Karunatilaka alludes to several major events in the conflict to highlight Sri Lanka’s insecurity and how that insecurity affects his characters. Elsa attempts to win favor with the police by promising them evidence of the Batticaloa massacre. This event transpired on June 11, 1990, when the LTTE surrounded a police station in Batticaloa in the Eastern Province of Sri Lanka. The LTTE is alleged to have killed over 600 police officers in execution-style line-ups to gain control over the region. This event was formative in the Civil War because it effectively demonstrated to citizens that police departments could not protect them. Evidence of the massacre is especially interesting to the officers in this novel because they are insecure in their positions. At the same time, Karunatilaka is careful not to illustrate any party in this war as objective heroes; the police are threatened, but they also need to be bribed to investigate Maali’s murder and cooperate with the garbage men, hinting that the police play their own role in the country's instability. This points to the deterioration of institutions that comes with widespread violence.
Another historical reference is the Sooriyakanda massacre, of which Maali also has photographic evidence. A JVP counterinsurgency led to the mass killings of the schoolchildren at Embilipitiya Maha Vidyalaya high school. The mass grave was not found until 1994, at which point an estimated 300 bodies were found. This event emphasizes the extent of the violence against citizens during the Sri Lankan Civil War, as well as the secretive nature of the conflict.

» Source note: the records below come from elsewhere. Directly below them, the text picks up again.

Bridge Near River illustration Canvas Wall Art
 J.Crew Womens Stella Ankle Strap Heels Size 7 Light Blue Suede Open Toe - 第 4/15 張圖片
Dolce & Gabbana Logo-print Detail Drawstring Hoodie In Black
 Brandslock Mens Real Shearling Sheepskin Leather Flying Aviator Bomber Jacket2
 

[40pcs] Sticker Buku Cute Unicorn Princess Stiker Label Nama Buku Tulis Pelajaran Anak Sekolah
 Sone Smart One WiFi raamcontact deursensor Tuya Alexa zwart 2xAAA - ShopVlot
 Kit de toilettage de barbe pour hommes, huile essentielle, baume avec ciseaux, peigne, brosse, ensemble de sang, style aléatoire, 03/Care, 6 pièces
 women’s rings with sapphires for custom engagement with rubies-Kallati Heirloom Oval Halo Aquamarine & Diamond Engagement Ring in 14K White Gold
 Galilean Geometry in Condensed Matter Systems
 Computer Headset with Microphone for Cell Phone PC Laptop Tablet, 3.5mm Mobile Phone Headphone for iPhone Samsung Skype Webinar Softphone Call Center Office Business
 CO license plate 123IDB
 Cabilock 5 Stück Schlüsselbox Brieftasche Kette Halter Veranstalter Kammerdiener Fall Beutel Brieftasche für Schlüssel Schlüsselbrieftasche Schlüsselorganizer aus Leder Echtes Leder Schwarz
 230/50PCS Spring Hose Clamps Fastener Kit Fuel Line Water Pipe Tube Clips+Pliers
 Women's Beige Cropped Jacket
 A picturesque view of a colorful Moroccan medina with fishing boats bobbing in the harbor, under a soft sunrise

Maali is intimately involved in the Civil War because of his role as a photojournalist. Through his traumatic experiences photographing atrocities, Karunatilaka questions the voyeuristic nature of photojournalism. Maali is at once a part of the war and an observer of it, uninvolved in the killing but a witness to the massive violence. Evidence of atrocities and war crimes is important, but the text asks whether Maali’s photographs help the victims or victimize them further, dehumanizing them by making them symbols. Maali is confronted with this conflict in the afterlife when he meets victims of the war, former subjects of his photographs. For example, the slain lawyer from Chapter 14 points out that Maali didn’t ask her permission when he took her photograph. The subjects of Maali’s photos don’t have a choice about what happens to the images of their bodies and deaths, positioning Maali in the role of observer and storyteller. But Maali’s job is dangerous as well; as a photojournalist, he risks making enemies with all sides of the conflict because his photographs can expose their violence and war crimes. Maali has a box of unpublished photographs hidden under a bed, emphasizing Maali’s role as secret keeper and potential whistleblower. Maali is, therefore, characterized as brave yet voyeuristic in the novel’s first section. His voyeuristic role is duplicated in death; he watches the events unfolding around him but cannot intervene. In later parts, Maali will find his voice as he works to expose the truth, emphasizing The Importance of Journalism.
Many chapters are written through a second-person narrative point-of-view as Maali attempts to understand his new reality. As a ghost, Maali is not free of human concerns. Like a living being, he must make plans and goals for his afterlife. He can either find the Light, an undefined wisdom that will potentially save his soul, or he can learn how to manipulate the living through ghostly skills and potentially avenge his murder. This in-between existence poses many problems for Maali. He is forced to reckon with his past as he attempts to understand the events leading up to his death. He is forced to watch DD and his Amma fight for recognition of his disappearance, demonstrating that even in death, the human soul is tied to their loved ones. Maali has unfinished business. His relationship with DD has been complicated by his ineptitude for monogamy, and he hasn’t spoken to his mother in months. There is much about Maali’s past that he needs to reckon with, including his fractured relationship with his father, his hidden sexuality, his gambling addiction, and the trauma of his work. It is implied in Part 1 that finding one’s Light within seven moons frees them from the past, potentially by erasing it. But Maali is not yet ready to erase his past. The second-person narration helps highlight the disembodied nature of Maali’s new identity as a ghost; he is not alive, yet he is sentient and aware. He is a spirit, not a body, and his use of the second-person helps the reader and Maali study his new reality.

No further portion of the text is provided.